This is a welcome book, but a hard book to pigeonhole for review. It is, in part or in passing, an engaging introduction to much of the life and thought of Fr Vincent McNabb (b. 1868, d. 1943), the Northern Irishman who became perhaps the most famous Dominican friar of the English Dominican Province in the first half of the 20th century, and whom the author, Andrew McNabb, is proud to name his ‘great-granduncle’. It would be nearer the mark, though, to describe it as a series of reflections, mostly on family life, inspired by the plain-dealing life and plain-speaking writings of Fr Vincent from the pen of a contemporary American Catholic author on one side of the current culture wars.
We are presented in large part with the deep and lively faith Fr Vincent shared with his mother, Ann, as this has suffused and reverberated in Andrew McNabb’s life; though, in addition to family recollections, the great-grandnephew relies heavily on the biography by Fr Ferdinand Valentine OP and on E. A. Siderman’s A Saint in Hyde Park. Readers may be moved in particular by the faith with which mother and son faced family illnesses and death, and their practical charity towards the others outside the family who were poor, sick, or dying. However, Andrew also rightly highlights the importance of the papal encyclical Rerum novarum as an inspiration to his older relative, and a guide to a preacher’s priorities, with its description of the plight of the working poor as the ‘pressing question’ of the hour. The author briefly sets out Fr Vincent’s friendship and collaboration as a commentator on social issues with Hilaire Belloc and G. K. Chesterton. He also explores how their economic ideas influenced one of Andrew’s own short stories, which is reproduced for the reader, and how it impacted on his career more generally.
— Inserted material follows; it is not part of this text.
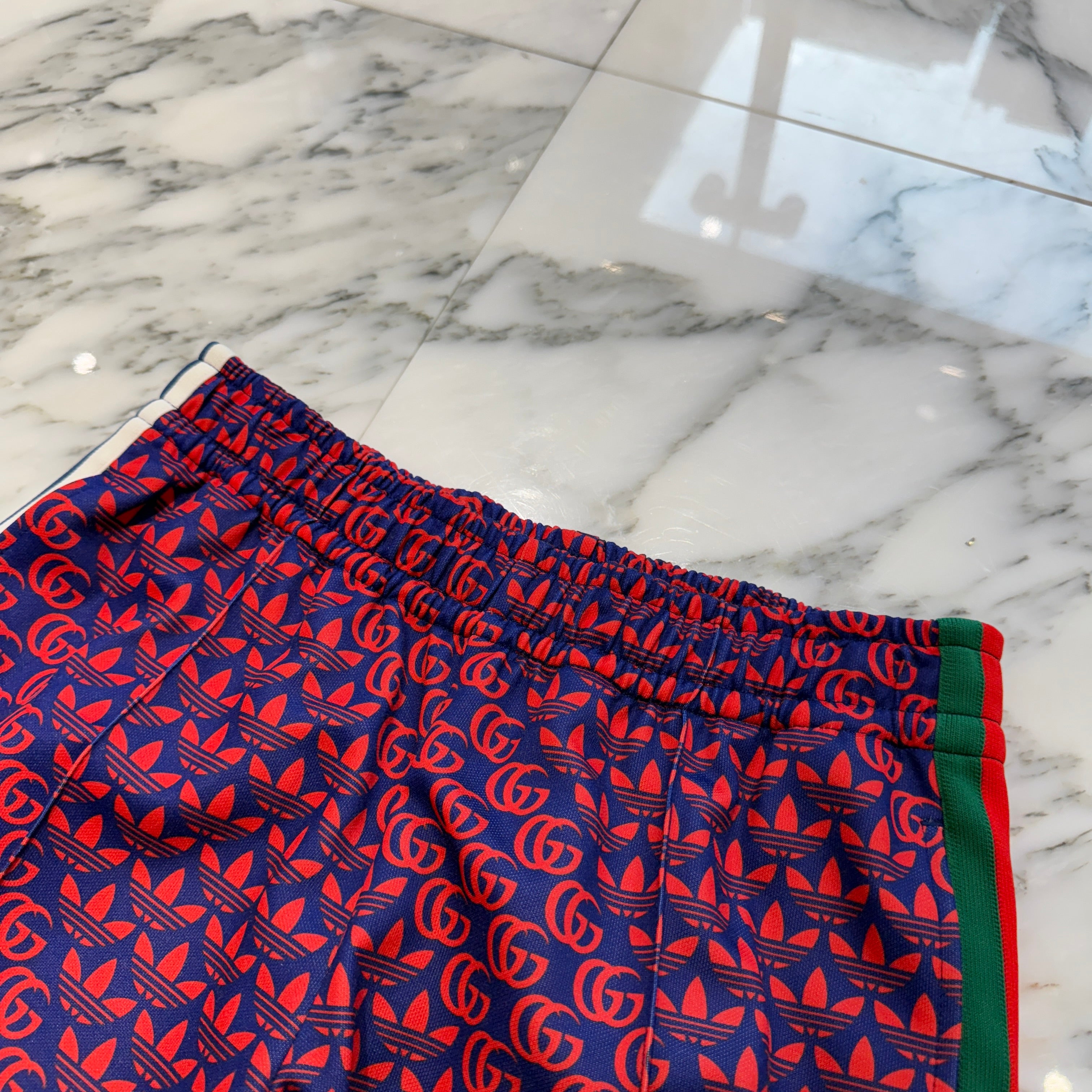 GUCCI × adidas 2022SS Double G and Trefoil Print Sweat Pants 692113 XJEKV Size XS グッチ × アディダス ダブルGアンドトレフォイルプリント スウェットパンツ サイズXS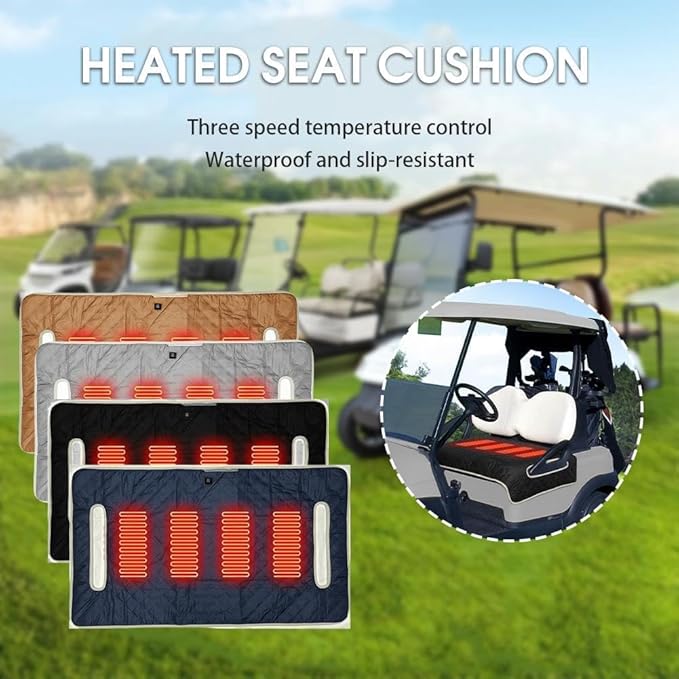 Universal Heated Golf Cart Seat Cover - Waterproof Golf Cart Heater Accessory w/ 4-Zone Warmth, 3 Heat Levels, USB/Type-C & 12V Plug for EZGO/Yamaha/Club Car (Brown)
If there is a price to pay for this highly personal approach, it is perhaps first in flattening out Fr Vincent’s development as a thinker (there’s no straight forward account of his career as a Dominican teacher, writer, or religious superior) and, second, in thinning down the historical context of his writings. In a few places, the author also misreports his sources. However, the book’s great value is that the author’s own struggles may voice difficulties or objections to Fr Vincent’s often forthright views, difficulties which may be shared by the reader, who may in this way be helped to work through them.